Die Seele jedes Menschen ist wie ein tiefes Wasser, ein Meer von Gefühlen und Empfindungen, Gedanken und Vorstellungen, Gegebenheiten und Möglichkeiten. Durch längst vergessene Zeiten sind wir aus unserer seelischen Tiefe aufgestiegen, angetrieben von himmlischen Sehnsüchten. An der schillernden Oberfläche unseres Seelenmeeres haben wir zum ersten Mal den blauen Himmel gesehen, so nah – und doch so fern. Beglückt haben wir unsere Hände nach ihm ausgestreckt. Aber bisher blieb der Himmel uns fern.

Heutzutage leben wir gleichsam entzaubert an der Oberfläche unseres Seelenmeeres. Unser märchenhafter Tiefgang von einst hat sich unserer Wahrnehmung entzogen. Und mit der Ferne des blauen Himmels haben wir uns abgefunden. So haben wir nicht nur die Rückverbindung zu unserem Lebensursprung aus den Augen verloren. Auch unser kindliches Vertrauen in die Zukunft ist verblasst. Dies tut uns nicht gut. Mit dem Mut der Verzweiflung suchen wir, den Verlust an Tiefe in unserer Wahrnehmung auszugleichen, indem wir mit den sich uns bietenden Mitteln der Oberflächlichkeit sehnsuchtsvoll nach den Wurzeln unserer Existenz tasten.

Zum Glück sind wir nicht hoffnungslos der sich uns bemächtigenden Oberflächlichkeit ausgeliefert. Denn unser Dasein an der Oberfläche unseres Seelenmeeres beinhaltet eine lückenlose Fortsetzung unserer evolutionären Bewegung von unten nach oben, was wiederum eine befreiende Loslösung unseres Wesens von Vergangenem bewirkt – und uns dadurch eine heilsame Annäherung an Zukünftiges garantiert. Tiefe und Oberfläche sind ganz und gar aufeinander angewiesen Wo Tiefe und Oberfläche sich gegenseitig suchen, rückt der blaue Himmel uns näher.

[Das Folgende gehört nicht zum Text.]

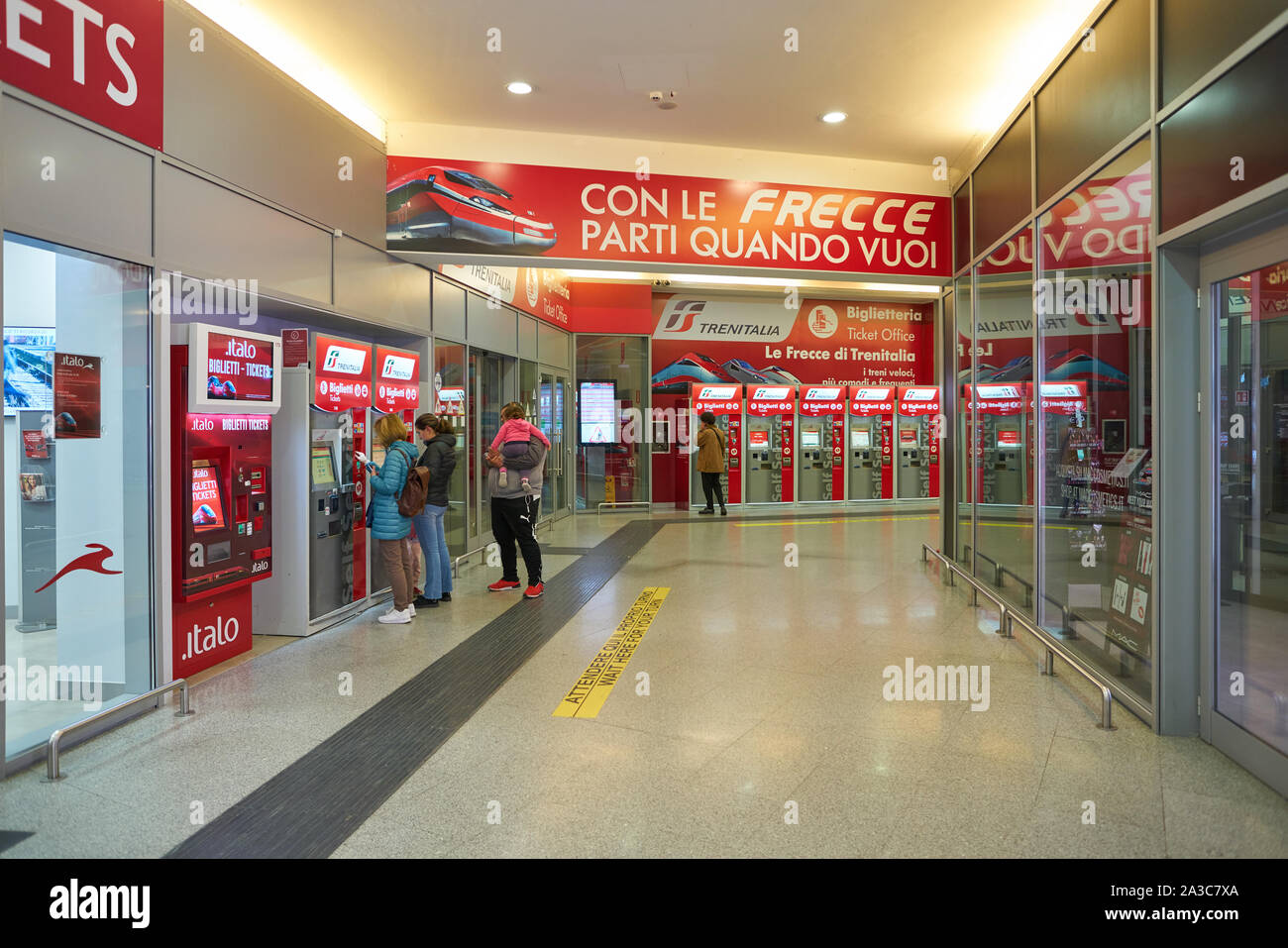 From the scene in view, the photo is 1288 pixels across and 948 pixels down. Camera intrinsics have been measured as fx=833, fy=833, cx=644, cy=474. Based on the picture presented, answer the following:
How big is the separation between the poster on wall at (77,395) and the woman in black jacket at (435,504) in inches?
97.5

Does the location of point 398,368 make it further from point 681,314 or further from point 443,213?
point 681,314

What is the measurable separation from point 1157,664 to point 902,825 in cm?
166

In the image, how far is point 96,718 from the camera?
3.55 meters

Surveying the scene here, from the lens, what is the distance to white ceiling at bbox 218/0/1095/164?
4855 millimetres

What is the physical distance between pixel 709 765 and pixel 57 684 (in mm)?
3223

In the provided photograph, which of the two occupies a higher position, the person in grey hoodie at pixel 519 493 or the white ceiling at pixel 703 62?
the white ceiling at pixel 703 62

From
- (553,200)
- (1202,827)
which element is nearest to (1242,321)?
(1202,827)

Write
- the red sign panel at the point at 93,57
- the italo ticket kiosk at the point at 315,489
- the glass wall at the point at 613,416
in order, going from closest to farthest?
the red sign panel at the point at 93,57 < the italo ticket kiosk at the point at 315,489 < the glass wall at the point at 613,416

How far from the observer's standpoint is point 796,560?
8484mm

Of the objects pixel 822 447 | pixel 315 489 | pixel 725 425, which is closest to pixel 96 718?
pixel 315 489

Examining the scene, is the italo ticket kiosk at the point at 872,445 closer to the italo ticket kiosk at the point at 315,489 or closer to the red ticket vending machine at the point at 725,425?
the red ticket vending machine at the point at 725,425

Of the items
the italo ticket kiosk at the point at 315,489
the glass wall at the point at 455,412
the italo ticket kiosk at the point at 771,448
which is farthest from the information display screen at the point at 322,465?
the italo ticket kiosk at the point at 771,448

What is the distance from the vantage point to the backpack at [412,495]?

Darüber möchten wir eine Geschichte erzählen, die uns jener Wind zugeflüstert hat, von dem niemand so recht weiß, woher er kommt und wohin er geht.

Die Autoren


1
Entdeckungen im Wasser meiner Seele

Ich bin Anders Andersen, im Grunde ein namenloser Schöngeist auf der Suche nach sich selbst und seiner Bestimmung. Meine große Leidenschaft ist die Erforschung meiner Seele. Manche halten mich darum für ein wenig kurios oder gar wunderlich, um nicht zu sagen schrullig. Da ist sicherlich etwas Wahres dran. Ich selbst erlebe mich allerdings eher als ein wenig entrückt. Das klingt in meinen Ohren um einiges besser – und ist wohl auch zutreffender. Aber urteilen Sie selbst.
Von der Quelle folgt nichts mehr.